There is an old Norman-French romance that tells us how the White Tower was built by William Peverel of the Peak, and how he promised it as a dowry to Melette, the fairest of his nieces. “But none found favour with her. And William reasoned with her, and besought her that she would discover unto him if there was in the world any knight whom she would take for lord.... ‘Certes, Sire,’ said she, ‘no knight is there in all the world that I would take for the sake of riches and the honour of lands, but if I ever take such an one he shall be handsome, and courteous, and the most valiant of his order in Christendom.’” So William proclaimed a tourney at the Peak, with Melette and the White Tower for the prize; and among those who came to try their fortune was one Guarin de Metz, well clad in red samite, with a crest of gold. “To record the blows and the issues I am not minded,” says the story, “but Guarin de Metz and his company proved that day the best, the fairest, and the most valiant, and above all, Guarin was the most praised in all ways.” So Guarin won the fastidious Melette of the White Tower, “and with great joy did he take her, and the damsel him.”[6]

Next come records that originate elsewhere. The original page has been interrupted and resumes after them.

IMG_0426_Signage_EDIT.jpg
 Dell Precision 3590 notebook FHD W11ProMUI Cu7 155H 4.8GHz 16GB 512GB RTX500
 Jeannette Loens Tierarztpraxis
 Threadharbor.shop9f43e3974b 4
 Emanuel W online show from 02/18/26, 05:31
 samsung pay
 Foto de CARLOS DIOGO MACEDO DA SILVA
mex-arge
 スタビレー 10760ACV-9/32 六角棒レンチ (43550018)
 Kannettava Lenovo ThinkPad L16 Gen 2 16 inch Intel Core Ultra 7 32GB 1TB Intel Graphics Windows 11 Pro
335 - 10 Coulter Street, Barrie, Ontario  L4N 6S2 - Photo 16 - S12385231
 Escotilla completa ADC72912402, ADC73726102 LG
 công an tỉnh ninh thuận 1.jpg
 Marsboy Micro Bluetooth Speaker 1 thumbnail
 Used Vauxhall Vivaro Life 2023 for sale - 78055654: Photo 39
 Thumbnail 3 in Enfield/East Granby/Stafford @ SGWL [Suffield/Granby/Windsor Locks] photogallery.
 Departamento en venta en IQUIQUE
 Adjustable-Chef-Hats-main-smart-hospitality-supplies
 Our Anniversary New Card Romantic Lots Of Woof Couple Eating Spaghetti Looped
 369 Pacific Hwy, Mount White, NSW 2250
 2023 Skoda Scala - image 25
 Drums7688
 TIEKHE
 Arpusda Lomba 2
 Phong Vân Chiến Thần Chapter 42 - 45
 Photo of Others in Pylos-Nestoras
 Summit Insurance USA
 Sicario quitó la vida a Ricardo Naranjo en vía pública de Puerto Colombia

This romance is not very reliable history, I fear, but it is true that Whittington belonged at one time to the Peverels, and later to the Fitz-Warines or Guarins, of whom it was probably the third who built this gate in the reign of John.

Two miles beyond Whittington is Gobowen, where we rejoin the main road; and soon afterwards we dip into the narrow valley below Chirk, and with the railway and the canal high above us on the left, cross the little Ceiriog into Wales.

WHITTINGTON CASTLE.

THE LLEDR VALLEY, FROM THE HOLYHEAD ROAD.